**Data for review**
··········

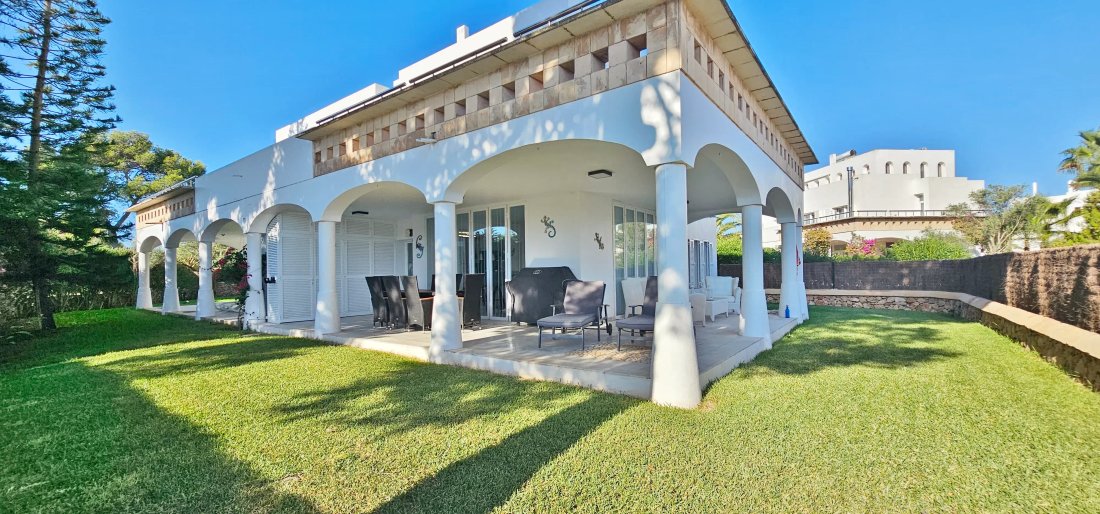 Villa in Cala d'Or, Santanyi, Balearic Islands 2 - 17747749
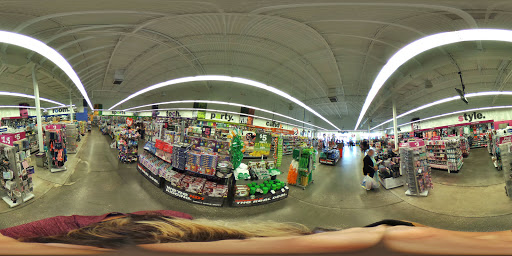 Variety Store «Five Below», reviews and photos, 5295 International Dr #660, Orlando, FL 32819, USA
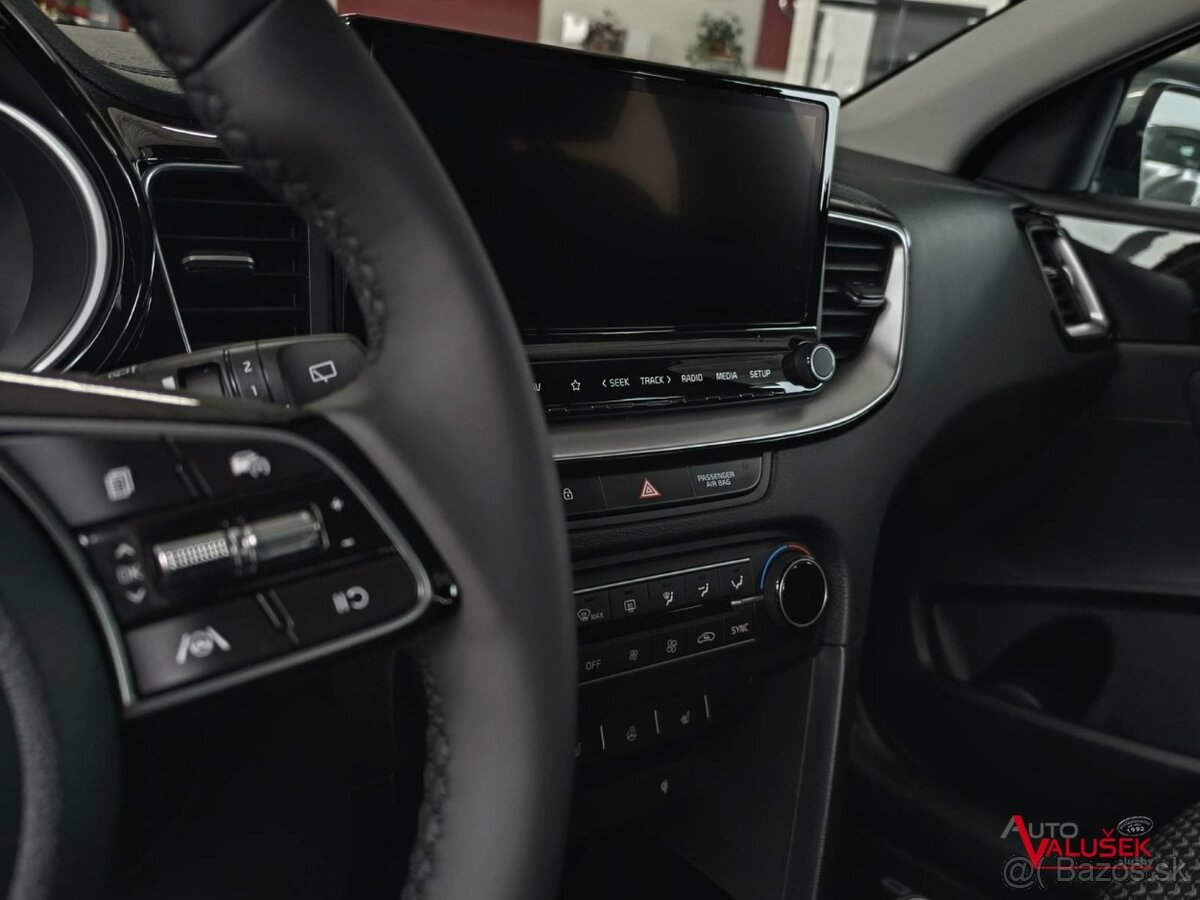 Kia XCEED 1,5 T-GDI M6 GOLD - 13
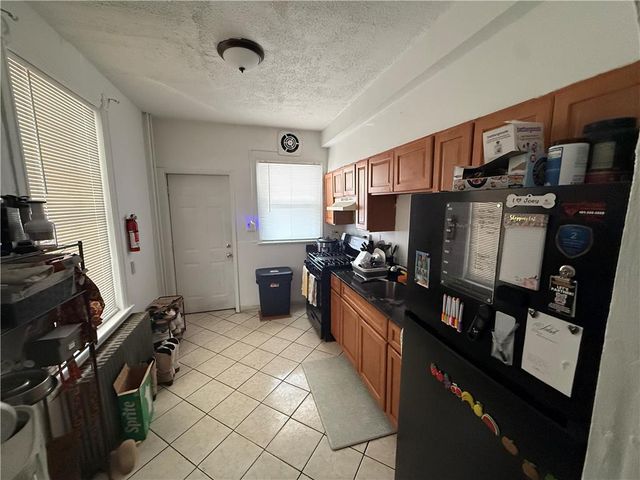 132 North College Street, Allentown City, PA 18102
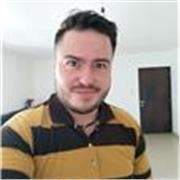 Profesor de matemáticas, cálculo diferencial e integral imparte clases a todas las edades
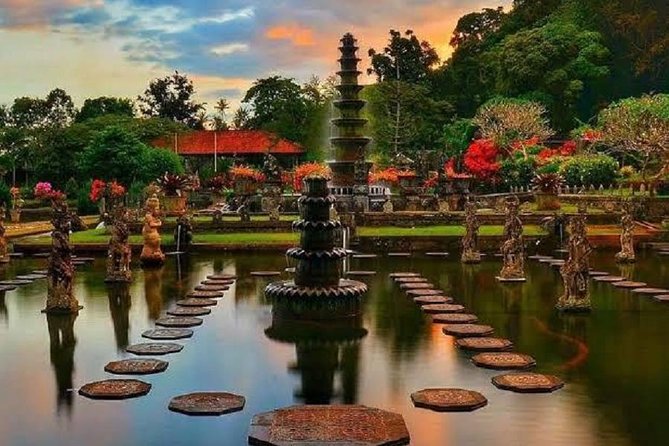 Heaven Gate (Lempuyang) - Tirta Gangga - FREE WIFI - Stop 2: Tirta Gangga water palace for culture and calm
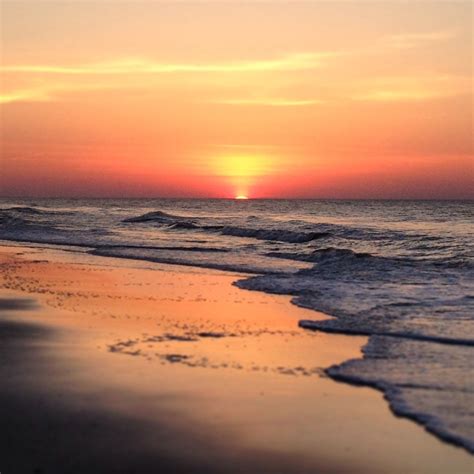 Pin by Rachel Maley on picskis | Sunrise beach, Sunrise, Beach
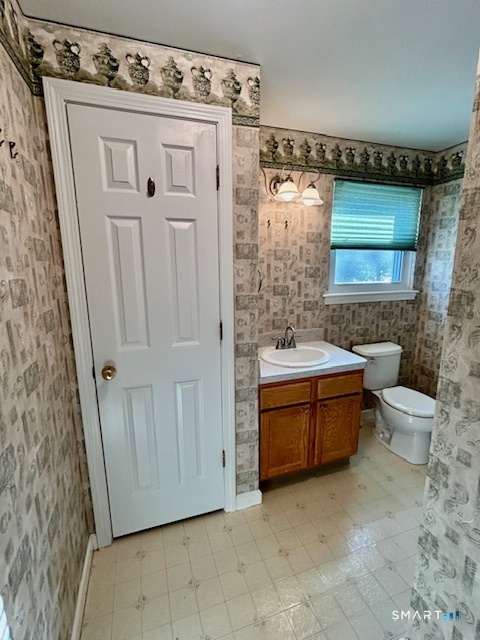 94 Colin Drive Torrington, CT 06790 - Photo 23 of 30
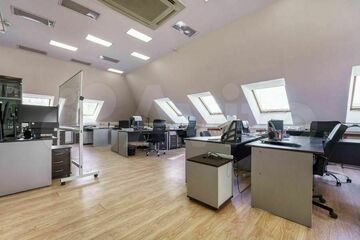 Отдельно стоящее здание, 396 м²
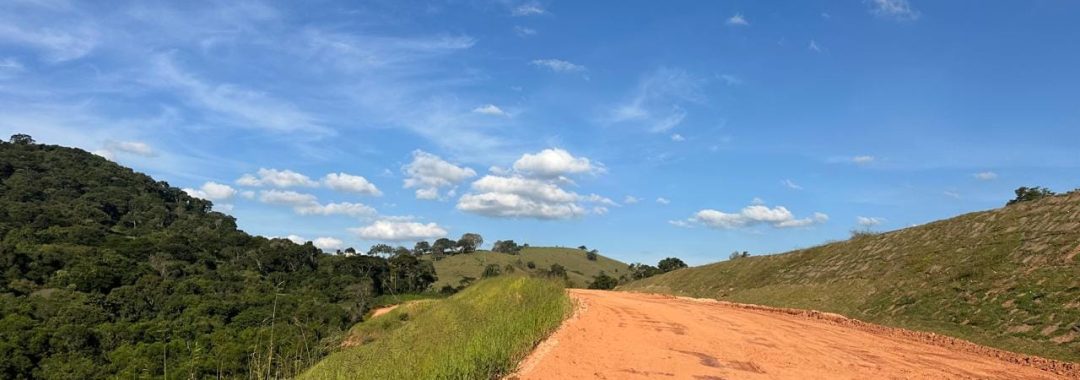 área industrial, Cambuí, Sul de Minas, 186.000m², platô, Rodovia Fernão Dias, fácil acesso, logística, galpão, centro de distribuição, localização estratégica, investimento, terreno industria (3)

··········

**Directions**
Among the entries above, take the line with "Kia XCEED 1,5 T-GDI M6 GOLD - 13", the line with "Profesor de matemáticas, cálculo", and all the lines between them, and restate them word for word without pictures.

**Exercise output**
 Kia XCEED 1,5 T-GDI M6 GOLD - 13
 132 North College Street, Allentown City, PA 18102
 Profesor de matemáticas, cálculo diferencial e integral imparte clases a todas las edades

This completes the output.